The reluctance of some of the key players in the music business to put their ears on the ground and be more observant is possibly one of the reasons why things went downhill for record labels. The fear of losing power to the artist and independent music publishers blinded the key players in the music business which led to slowing down the process of optimizing some of the then outdated practices. The first threat was the MP3-download era, which dominated the market for a number of years which then led to new ways of monetizing music during the commencement of the digital age. The MP3-download era gave rise to platforms like iTunes and the fact that most of the companies that took advantage of the business opportunities presented by the the download-era were technology further displayed the reluctance of the music business to innovate. It became increasingly clear that power was slowly slipping away from the record labels and it was given to tech companies that could solve problems which were limiting progression which was necessary and required by different markets.
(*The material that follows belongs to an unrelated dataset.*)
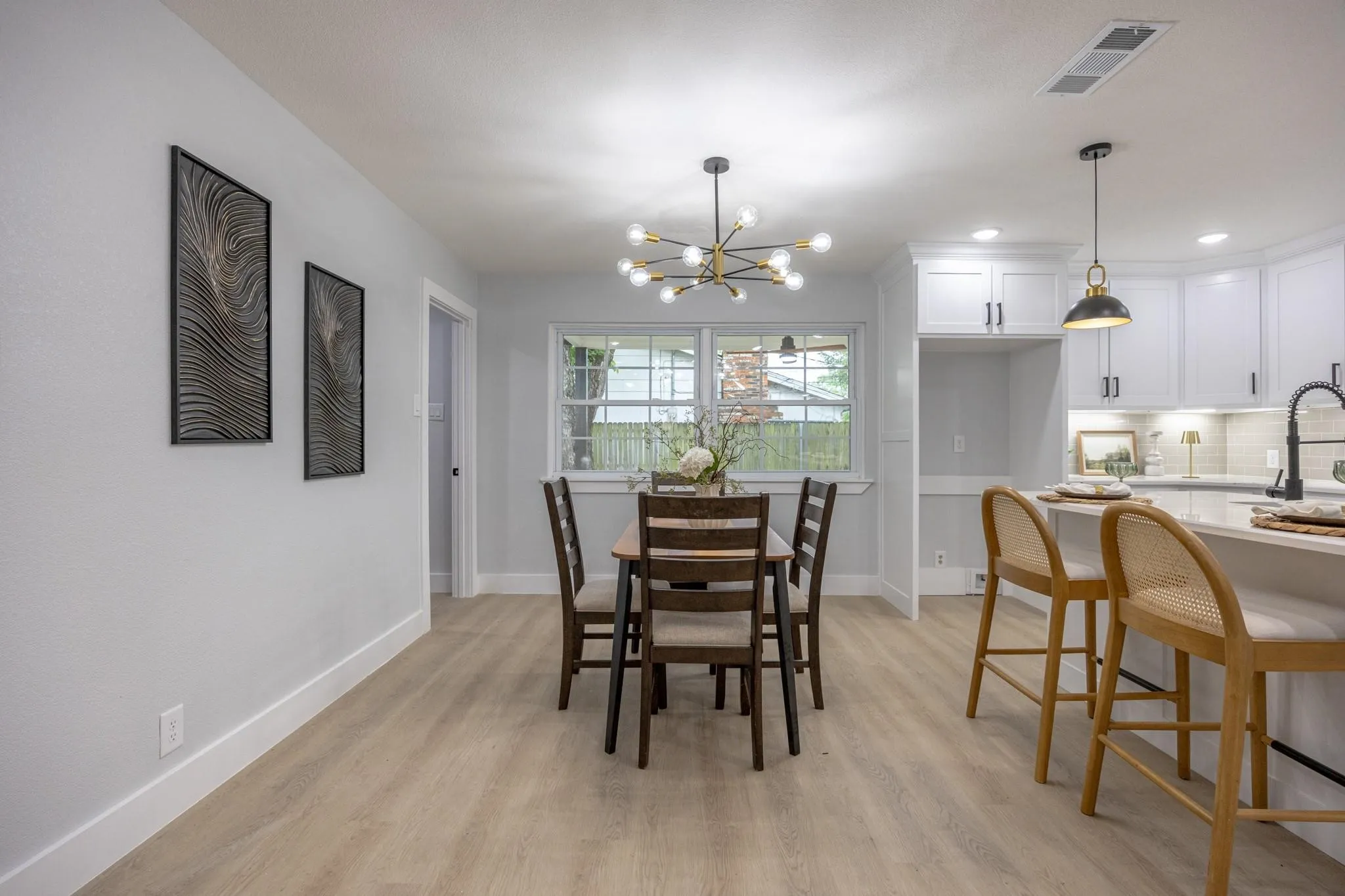 Single Family Residence For Sale in Tarrant County , 1208 Andrews Street, Arlington, Texas 76011, 4 Bedroom, 3 Bathroom, Garage spaces, 1,698 Sqft, built in 1963, mls#21346542, Real Estate Agent in Arlington, Homes For Sale in Tarrant county, Homes For Sale in Arlington, Realtor in Arlington Texas, Real Estate Brokerage Independent Realty Texas, Luminita Cordes Realtor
The supply chain of music was disrupted and this left music execs scratching their heads. Music execs now had to play catch up, but it was too late because after the download-era came the second threat, music streaming. The rise of music streaming platforms dealt another blow to the music industry. We are smack dab in the middle of the streaming era. Streaming has given more power to the artist and the fact that an artist does not need much nowadays to blow up is another blow for the music business model.
It may seem as if it is all doom and gloom for the music industry, but that is not the case as there is still some time to innovate. It is quite clear that the music industry has lost billions of dollars due to the pace at which things move within the digital age. But how does the record label adapt to all these changes?
As a starting point, record label owners, music execs and other key players need to outline and highlight all the bottlenecks that exist in some of their business processes. It is time to learn from other industries and it is time to assume a lean approach in how, for instance, record labels function. It’s all in the processes — the manner in which the processes are carried out.
Lean thinking is a methodology that is mostly used in the manufacturing sector, but the principles of lean thinking can be applied in different types of business. Lean thinking entails of new ways of organizing people and resources to lessen waste in time and resources. One of the main things that sit at the core of lean thinking is eliminating all types of waste. A smart record label, through its systems and processes, has the ability to predict and prepare for changes in the market. A lean record label has processes put in place to respond to market demands, changes in the market and opportunities in the market. Record label owners should ask themselves the following question: Why does my record label exist when artists can do what we profess we can do for them by leveraging the power of the internet?
A lean record label has a research and development department which will focus on finding out what is out there, which advancements can be taken advantage of and potential dangers that the record label may face in future. A lean record label does not only invest money on their artists but they also invest in educating the artists on their roster. The world yearns for a smarter, slightly more independent and versatile artist. The lean record label invests in and understands the importance of social media. The lean record label understands digital marketing. The lean record label knows how to foster relationships which internet tastemakers which are prominent on Soundcloud and Youtube. The lean record label uses and understands content marketing. The lean record label completely cuts out unnecessary expenses and invests more in all things digital.
The lean thinking record label owner is a reader that has his/her ear on the ground to hear what are the current advancements in technology are that may affect his/her business. A record label should be treated as a business and handled as such.
In the exciting times in the digital age, record labels need to have market adaptation strategies or else they may not exist in the future.